EXERCISE INSTRUCTIONS » Skip the images. Copy the records exactly as written.

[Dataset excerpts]
--- START ---
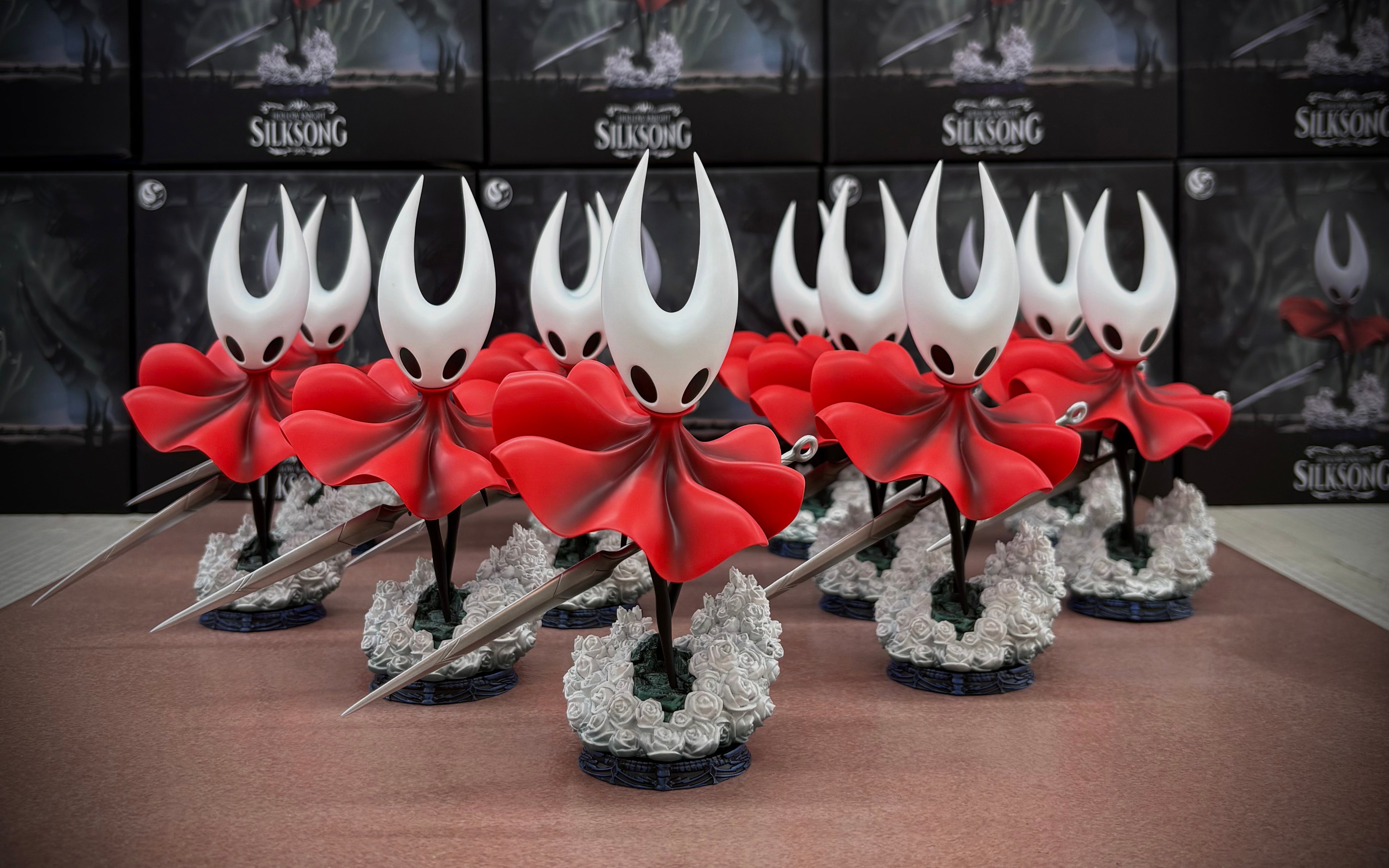 Hollow Knight Stone Custom Studio Hornet – ClubHouse Statues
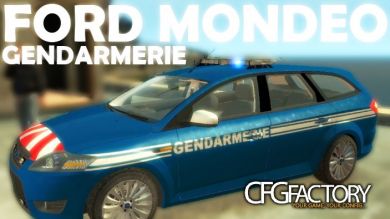 Ford Mondeo Gendarmerie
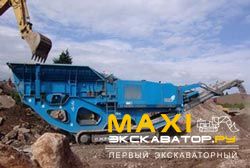 Щековые дробилки Terex Pegson XR400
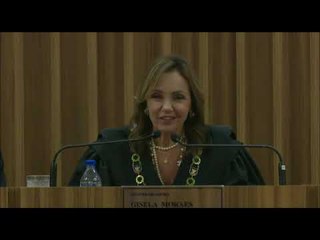 Presidente do tribunal diz que o amor evita o novo coronavírus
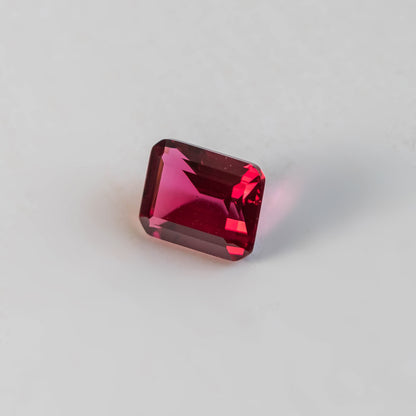 Nanosital #B-30 Red Spinel Octagon 10*8 mm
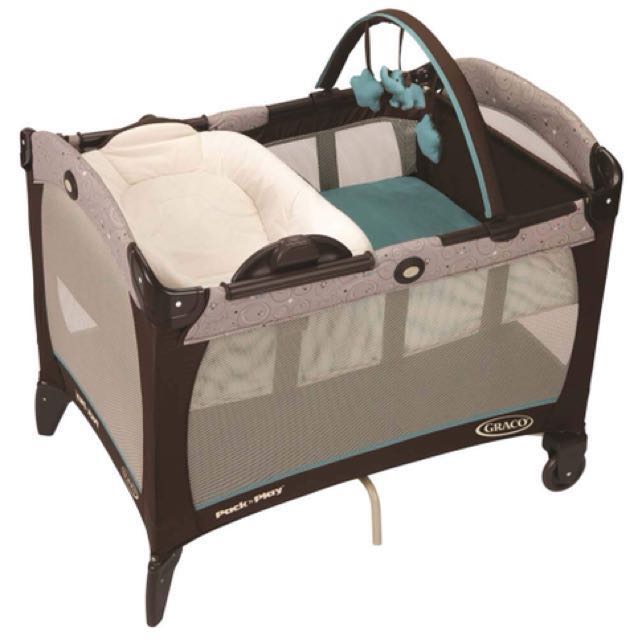 graco pack n play playard reversible napper and changer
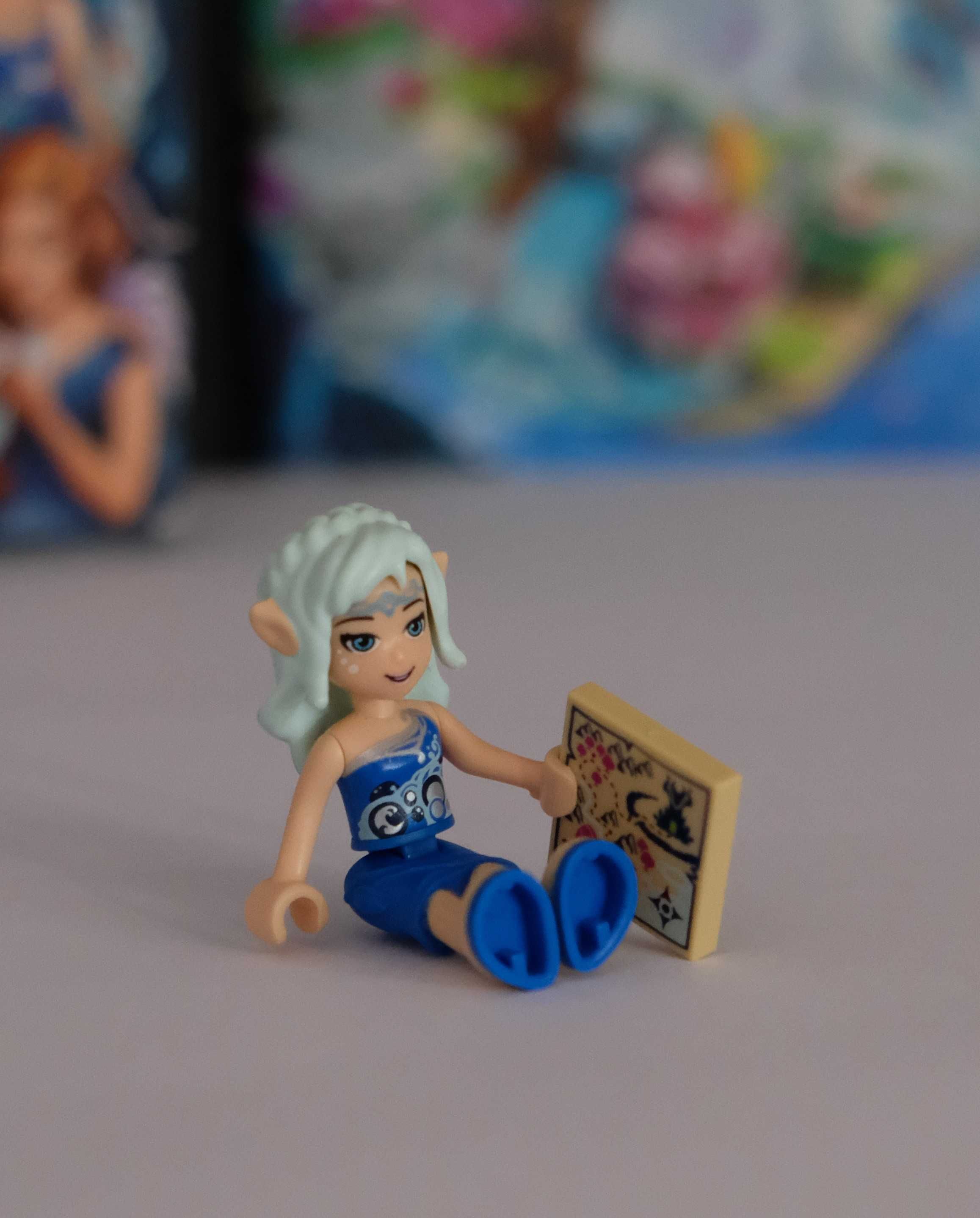 Klocki LEGO Elves Przygoda Smoka Wody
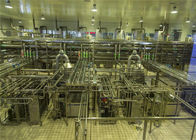 Dây chuyền sản xuất sữa chua hoạt động dễ dàng Chai nhựa kinh doanh cho nhà máy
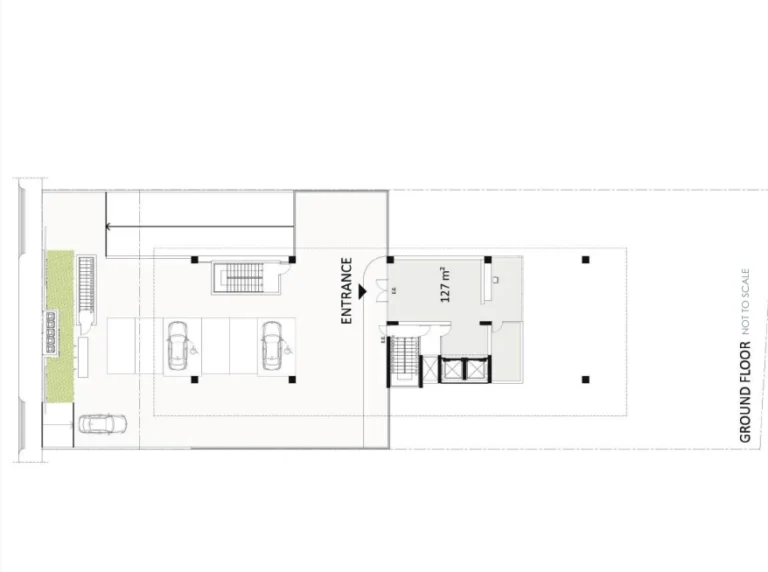503m² Office for Sale in Aglantzia, Nicosia District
--- END ---
ANSWER SECTION »
 Hollow Knight Stone Custom Studio Hornet – ClubHouse Statues
 Ford Mondeo Gendarmerie
 Щековые дробилки Terex Pegson XR400
 Presidente do tribunal diz que o amor evita o novo coronavírus
 Nanosital #B-30 Red Spinel Octagon 10*8 mm
 graco pack n play playard reversible napper and changer
 Klocki LEGO Elves Przygoda Smoka Wody
 Dây chuyền sản xuất sữa chua hoạt động dễ dàng Chai nhựa kinh doanh cho nhà máy
503m² Office for Sale in Aglantzia, Nicosia District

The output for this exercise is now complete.